Task goal >>
When you reach the line containing "Doubletree By Hilton" in the records below, start copying exactly, and stop once you have copied the line containing "Photo - 3910 E Ellicott St".

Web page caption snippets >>
# # #

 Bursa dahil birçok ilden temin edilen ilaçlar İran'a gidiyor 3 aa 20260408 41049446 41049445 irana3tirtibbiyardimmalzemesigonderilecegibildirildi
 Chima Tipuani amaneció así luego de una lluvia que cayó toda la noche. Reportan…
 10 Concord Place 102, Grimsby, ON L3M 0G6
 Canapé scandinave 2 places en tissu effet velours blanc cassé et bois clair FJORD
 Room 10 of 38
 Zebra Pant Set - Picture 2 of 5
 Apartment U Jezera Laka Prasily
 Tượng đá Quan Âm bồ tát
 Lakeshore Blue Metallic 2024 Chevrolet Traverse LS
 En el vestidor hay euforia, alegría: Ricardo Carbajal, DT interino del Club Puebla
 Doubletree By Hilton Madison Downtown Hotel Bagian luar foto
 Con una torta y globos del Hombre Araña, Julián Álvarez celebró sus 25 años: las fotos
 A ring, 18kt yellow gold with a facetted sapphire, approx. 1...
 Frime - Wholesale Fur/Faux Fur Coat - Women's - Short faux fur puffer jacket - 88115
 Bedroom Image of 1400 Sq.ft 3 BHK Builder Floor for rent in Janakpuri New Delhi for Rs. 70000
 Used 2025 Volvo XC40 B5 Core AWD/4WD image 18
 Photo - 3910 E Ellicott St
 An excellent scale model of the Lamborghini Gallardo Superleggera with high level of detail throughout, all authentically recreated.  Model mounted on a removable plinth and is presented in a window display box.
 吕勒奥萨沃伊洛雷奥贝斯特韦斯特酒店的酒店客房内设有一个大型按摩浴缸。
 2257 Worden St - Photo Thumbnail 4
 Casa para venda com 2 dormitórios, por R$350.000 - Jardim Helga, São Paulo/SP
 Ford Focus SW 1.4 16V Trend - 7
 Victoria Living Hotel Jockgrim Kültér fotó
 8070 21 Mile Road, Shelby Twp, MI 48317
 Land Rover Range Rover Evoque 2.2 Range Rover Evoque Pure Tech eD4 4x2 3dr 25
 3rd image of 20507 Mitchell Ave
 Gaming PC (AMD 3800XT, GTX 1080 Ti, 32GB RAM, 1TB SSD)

# # #

Response to this exercise >>
 Doubletree By Hilton Madison Downtown Hotel Bagian luar foto
 Con una torta y globos del Hombre Araña, Julián Álvarez celebró sus 25 años: las fotos
 A ring, 18kt yellow gold with a facetted sapphire, approx. 1...
 Frime - Wholesale Fur/Faux Fur Coat - Women's - Short faux fur puffer jacket - 88115
 Bedroom Image of 1400 Sq.ft 3 BHK Builder Floor for rent in Janakpuri New Delhi for Rs. 70000
 Used 2025 Volvo XC40 B5 Core AWD/4WD image 18
 Photo - 3910 E Ellicott St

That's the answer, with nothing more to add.